The Madison County School Board came together for their bi-monthly meeting on Tuesday, July 7 at 6 p.m. Dr. Felicia Moss, Madison County Central School's new Turnaround Leader, updated the school board on the progress of the SIG (Student Improvement Grant) application process. “This morning we were visited by our accountability team from Tallahassee,” lead Dr. Moss. “We came together to talk about the things that are already in progress; the things we have happening at a district level as far as instruction and curriculum as well as those things we have started at Central.” Moss informed the board that she, with Dr. Miles and Superintendent Brown, met with the accountability team and discussed areas which need focus. Moss stated that parent involvement would become a high priority during the SIG process. After Moss's presentation, Mayor Ina Thompson updated the board on their search to obtain new tennis courts. In the April 21 School Board meeting, Alan Androski had informed the board of the courts' disrepair. He displayed photos which showed two-inch gaps in the court and places where weeds were growing through cracks. The pictures were taken merely days after a tennis meet. Androski mentioned that the U.S. Tennis Association might supply funding if the tennis courts were open to the public. (With first priority given to the school.) Board member VeEtta Hagan suggested it should become a joint project between the County, City and School District, since it involved public access.
This discussion lead to action. At the present meeting, Mayor Thompson informed the board that, despite having been denied grant money for full-sized tennis courts, the city had been able to obtain a grant to build three 10 and under courts which would be helpful in teaching valuable skills to kids at a young age. “We can start the kids younger and get them interested in tennis,” said Thompson. The Board went on to discuss the remaining fact that the High School's tennis courts are in disrepair. Not only the tennis courts, but the track for track and field training. “I think it's on us now as a district to try to figure out ways to fund it,” said Superintendent Brown. “I think everyone is well aware the tennis court is not the only area that needs renovation. We've got a large number of students participating in track and field and our track right now is really not near where it needs to be to host an event, and it's really not all that adequate for serious track and field training.” Board member Kenny Hall added, “There are major hazards; its cracked with potholes.” Superintendent Brown mentioned that, due to a limited budget, they would have to seek to find external funding and become creative in how they can draw from what's available. Altogether, it was agreed the future of the tennis courts and track will be placed on hold until a solution becomes clear. Next, Chief Financial Officer Ray Griffin informed the board that the Insurance Committee voted to deny four retirees who are requesting to re-enroll in the district's health insurance coverage. The retirees had previously voluntarily discontinued it, transitioning to different jobs and obtaining alternate health insurance.
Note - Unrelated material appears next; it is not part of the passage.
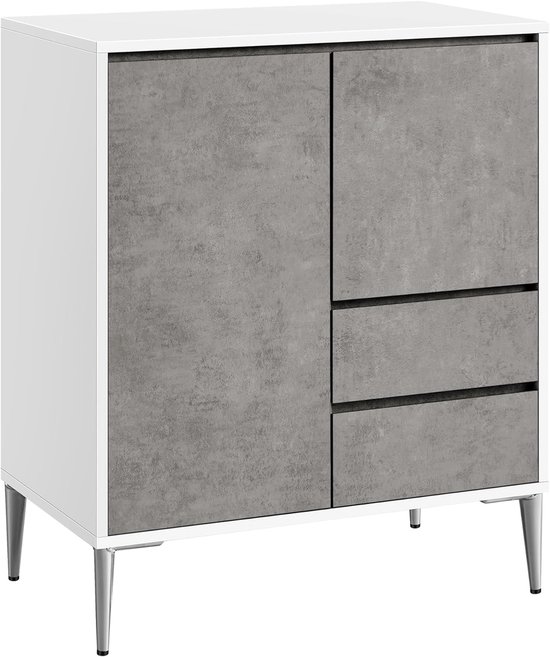 VASAGLE Opbergkast, Badkamerkast, Keukenkast, Met 2 Transparante Deuren 66 X 30 X 87 Cm 2 Plankniveaus Verstelbaar In 3 Niveaus Met Handgrepen Glas Mdf Mat Wit Bbc80wt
They will now be retiring from those jobs later in the year and have asked if they can re-enroll in the district's health insurance. “The issue we have with taking people back is they are at the age where they will increase costs for the district,” said Griffin. “The committee feels it's not fair to all members of the district . . . What we do for two we have to do for everyone. The committee recommends that the Board not allow employees to re-enter once they have dropped because of the increased premiums and costs.” The Board unanimously voted to follow the Insurance Committee's wishes and deny the requests. The next item of importance required the Board's consideration of a proposed settlement for an unfair labor charge which was filed against them. In an effort to save money, district staff granted an existing employee a $500 stipend rather than making the clerical position available to other district personnel. The collective bargaining agreement with the Madison County Education Association (union) requires that such positions be advertised and made available to all qualified district employees. This took place without the Board's knowledge. A settlement was arranged, requiring the School Board to provide public notice for 60 days acknowledging the oversight and assuring the public it will not happen again. The settlement also requires the district pay the legal fees involved. The Board voted to accept the settlement on the condition the wording be changed to “district staff,” rather than “The MCSD School Board,” due to the fact the indirect dealing was done without the board's knowledge or vote.